What is the value of current i in the given figure?

A. $- 4\,mA$
B. $+ 2\,mA$
C. $+ 4\,mA$
D. $+ 8\,mA$

Answer 1

By applying KCL law we can solve the above problem.Kirchhoff’s Current Law often shortens as KCL, which states that the algebraic sum of all the currents entering and exiting a node must be equal to zero. In other words we can also say that the sum of current entering a node is equal to the sum of current exiting a node.

Formula Used:
$\boxed{\sum\limits_{k = 1}^n {{i_k} = 0} }$
Where, $i = \,Current$ and k varies from $k = 1,2,3, \ldots \ldots n$.

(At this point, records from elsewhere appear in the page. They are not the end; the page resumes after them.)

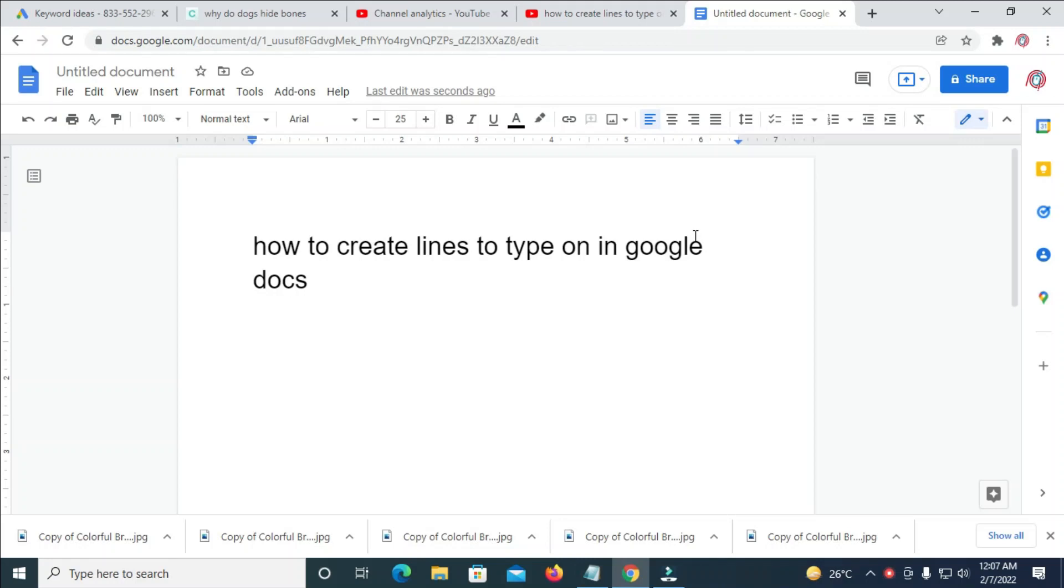Good day everyone. In this video today, I will show you how to create a line to type on in Google Docs.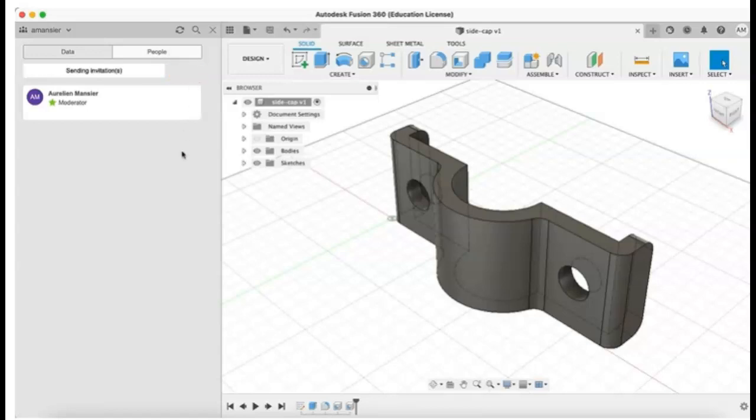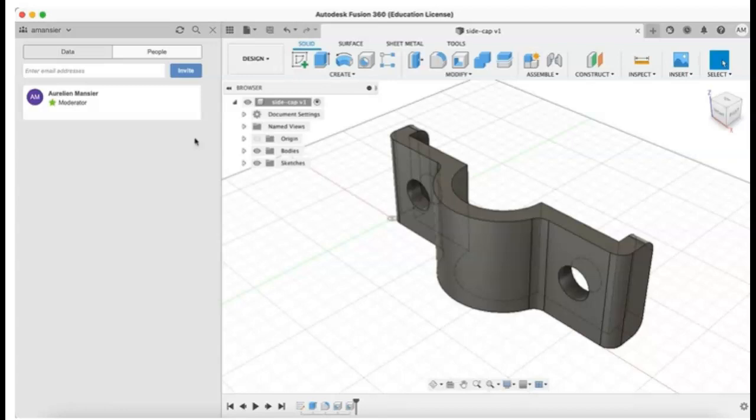Removing users from a project is accomplished by clicking on the Remove button for any given user.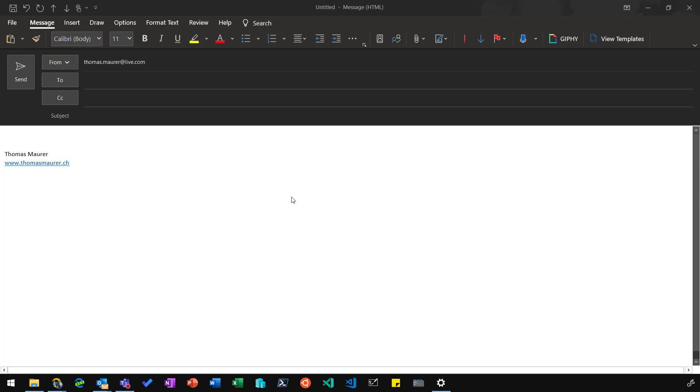However, you can join the Office Insider program today to get that feature, or you can just wait a couple of weeks or months until that feature becomes available in your Office installation.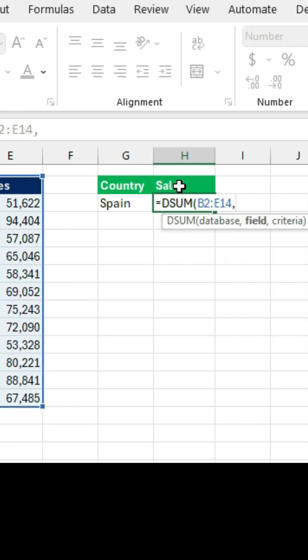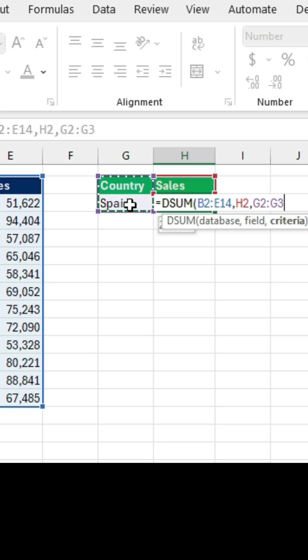For the field, we want only the sales, because this is the answer we are looking for. And the criteria, we want it to be in the country of Spain, as we type here from G2 to G3.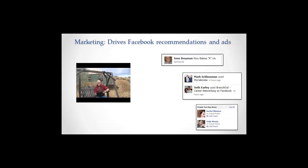There are also more straightforward ones: 'Mark used this application' or 'Seth used this other application' — so might you want to use it too? I don't want to pass judgment on these things. I think it's really up to you to figure out whether that's a good thing or a bad thing when it comes to targeted ads.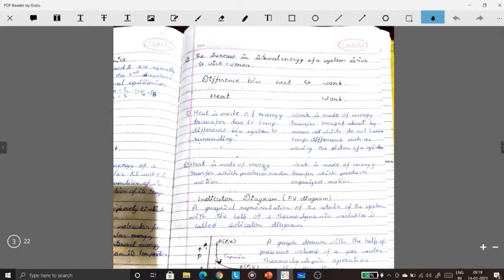Heat is a mode of energy transfer which produces random motion — particles can go anywhere randomly. Work is a mode of energy transfer which produces organized motion. For example, a piston continuously works in the same organized mode.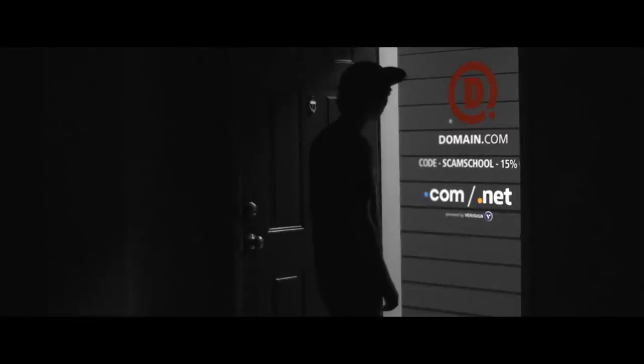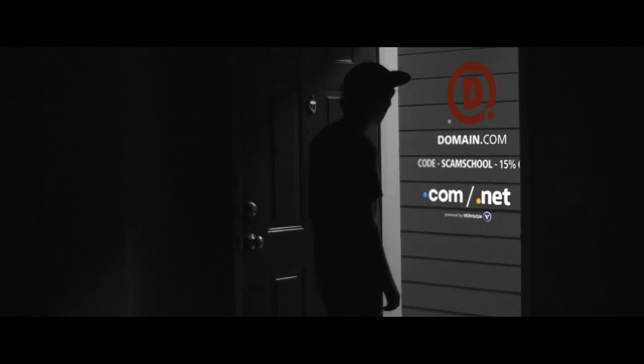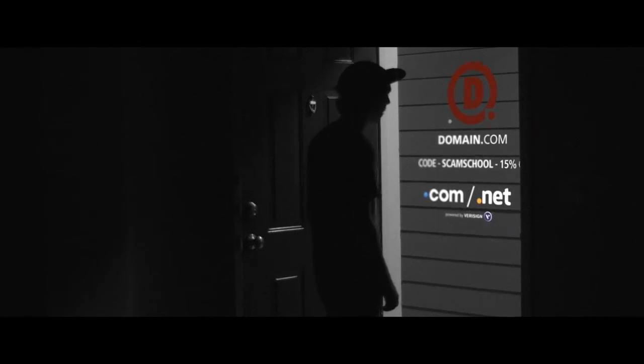You know what? You're okay, Domain.com. You're okay.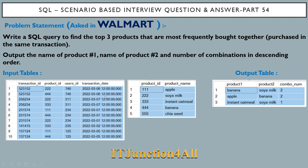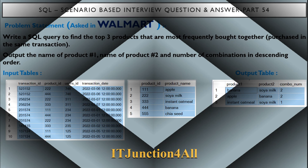We need to find all possible combinations and give the output showing product one, product two, and the number of times that combination was sold. The output should show the top three product pairs most frequently sold together in one transaction.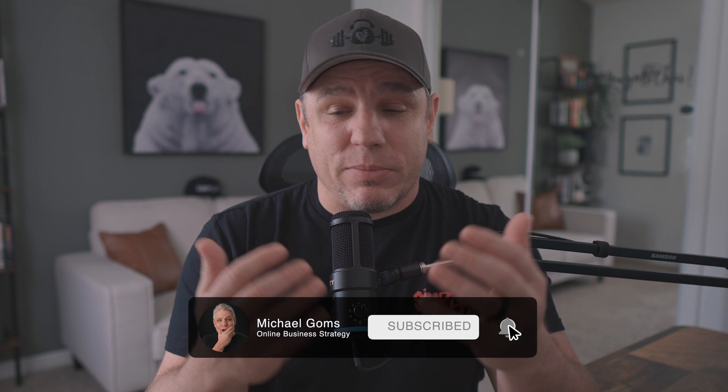Hey everybody, welcome back to my channel, and if you're new here, welcome. I'm Mike Goms and I started this channel to help aspiring and scaling entrepreneurs build profitable online businesses. I am completely obsessed with Kajabi — it has completely transformed my business. For the past three years I was using ClickFunnels and all these other apps duct-taped together, and now I've migrated everything over to Kajabi and it has completely simplified my life and my online business.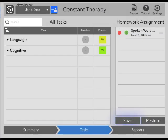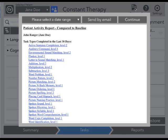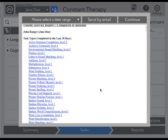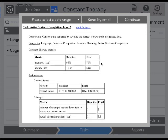The report icon on the top right of the screen allows you to create and distribute reports for the patient that you have currently selected. Each report will contain a description of the tasks that the patient has performed, as well as detail about the patient's performance on four metrics: accuracy, latency, cues, and attempts.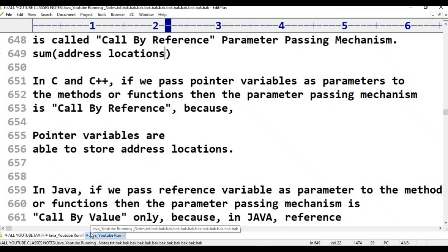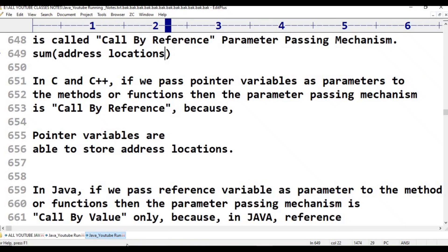In the case of object creation in Java, even if we pass an object reference variable as a parameter to the methods, the parameter passing mechanism is still call by value only. In Java, there are no pointer variables — Java uses object reference variables instead.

Complete step by step answer:
According to Kirchhoff’s current law, the algebraic sum of all the currents entering and exiting a node must be equal to zero. In other words we can also say that the sum of current entering a node is equal to the sum of current exiting a node.As per the question we need to calculate the value of i that is exiting from the node. For this we have to apply Kirchhoff’s current law.As given in the diagram,

As we can see from the diagram current $5mA\,\,and\,\,1mA$ are entering current while current $2mA\,\,and\,\,i$ are exciting currents.Applying Kirchhoff Current law we can write

Method I:
$\sum\limits_{k = 1}^n {{i_k} = 0}$
Here k varies from $k = 1,2,3,4$
Now we can write,
$\sum\limits_{k = 1}^4 {{i_{1,2,3,4}}} = 0$
$\Rightarrow {i_1} + {i_2} + {i_3} + {i_4} = 0$
With the help of above diagram
${i_1} = 5mA,{i_2} = 1mA,{i_3} = 2mA,{i_4} = i$
Now putting the above value in the equation we get,
$5mA + 1mA - 2mA - i = 0$
(As ${i_3}\,\,and\,\,{i_4}$ are exiting current which flows in opposite direction)
Now,
$4mA - i = 0$
$\therefore \boxed{i = + 4mA}$

Method 2:
Entering Current=Exiting Current
$\Rightarrow 5mA + 1mA = 2mA + i$
$\Rightarrow 6mA = 2mA + i$
$\Rightarrow 6mA - 2mA = i$
$\therefore \boxed{i = + 4mA}$

Hence, the correct option is $\left( C \right)$.

Note: Always take proper sign convention when you are using method 1 to solve this kind of problem or else you will make a mistake. If in place of $- 2mA$ I will take $+ 2mA$ then my answer will be incorrect. So be careful while solving this kind of problem. It will be better for you to solve this kind of problem using method 2.